ASSIGNMENT
In the entries below, copy only the lines from the one that contains "魅力881主持人、新聞先生凱文在演唱" through the last line, exactly, and omit any pictures.
━━ PROVIDED MATERIAL
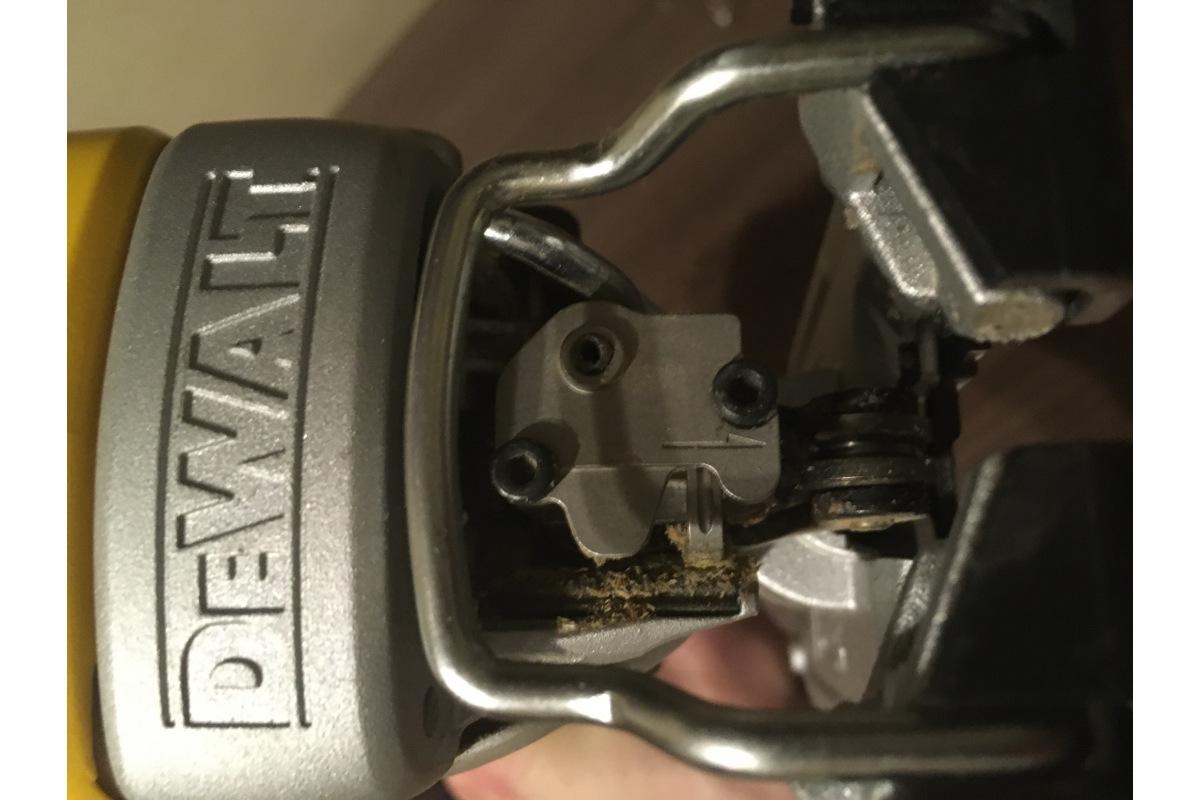 Дрель-шуруповерт DeWalt DCS335N-XJ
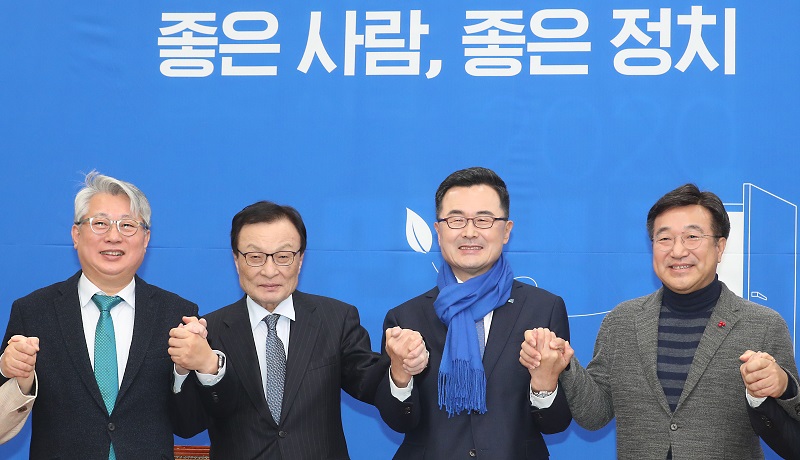더불어민주당 인재영입위원장인 이해찬 대표가 5일 오후 서울 여의도 국회에서 4호 인재 소병철 전 고검장의 손을 잡고 환영하고 있다.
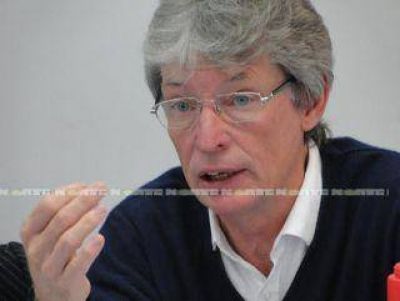 R�gimen laboral: Sager cree que garantizando el derecho de huelga se puede alcanzar un acuerdo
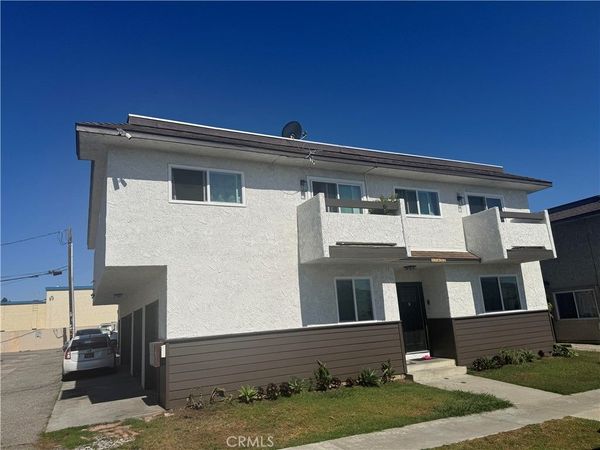 17422 Keelson , Unit 4, Huntington Beach, CA 92647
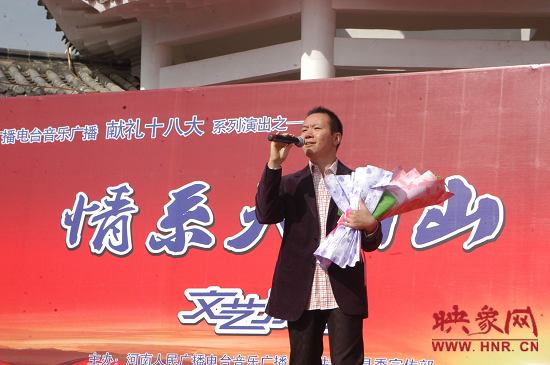 魅力881主持人、新聞先生凱文在演唱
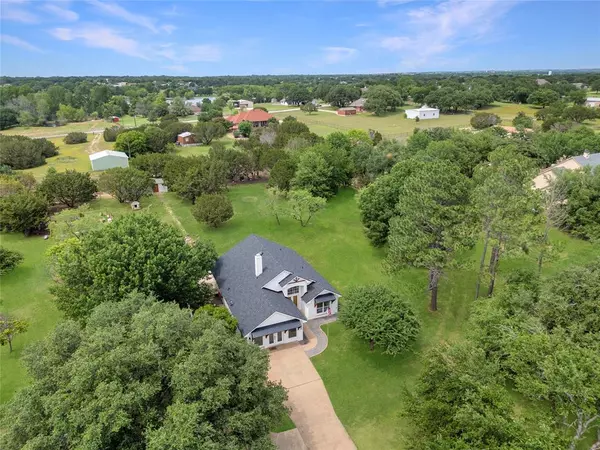 4312 Rhea Road, Granbury, TX 76049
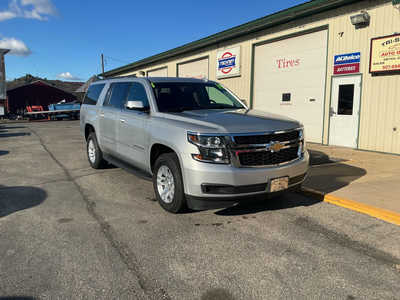 2019 Chevrolet Suburban, $25990. Photo 7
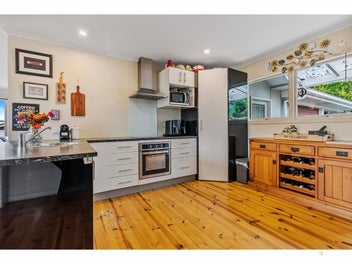 Convenient, Comfortable Living on Coulter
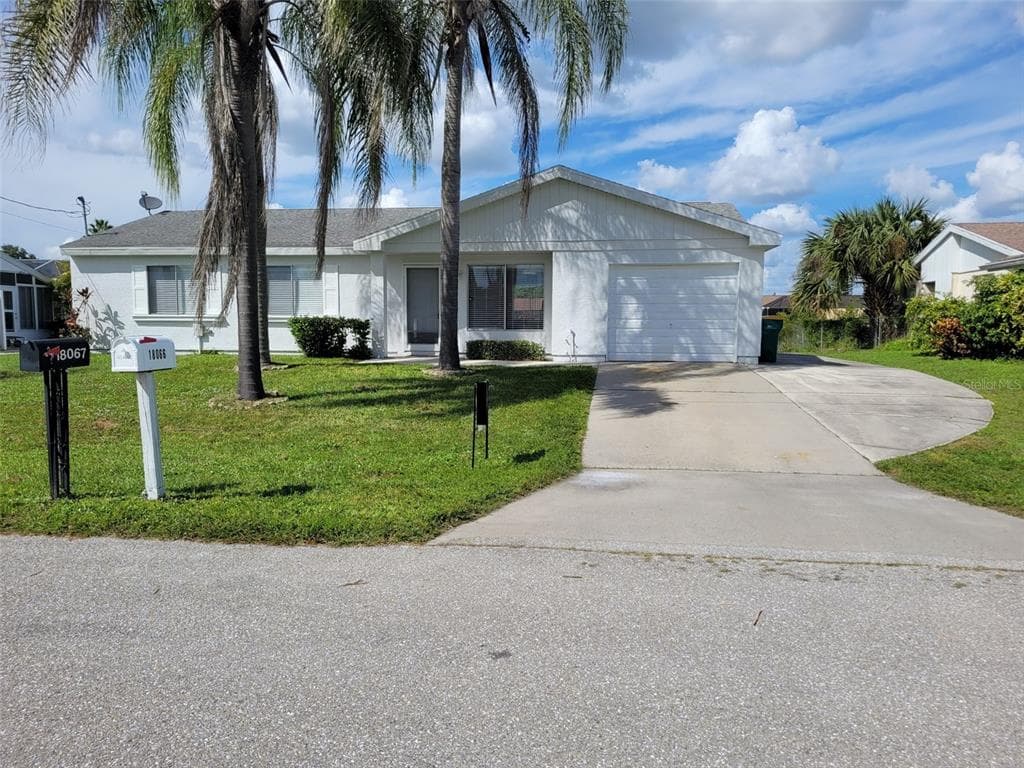 18066 AVONSDALE CIRCLE PORT CHARLOTTE, FL 33948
━━━━
FINAL ANSWER
 魅力881主持人、新聞先生凱文在演唱
 4312 Rhea Road, Granbury, TX 76049
 2019 Chevrolet Suburban, $25990. Photo 7
 Convenient, Comfortable Living on Coulter
 18066 AVONSDALE CIRCLE PORT CHARLOTTE, FL 33948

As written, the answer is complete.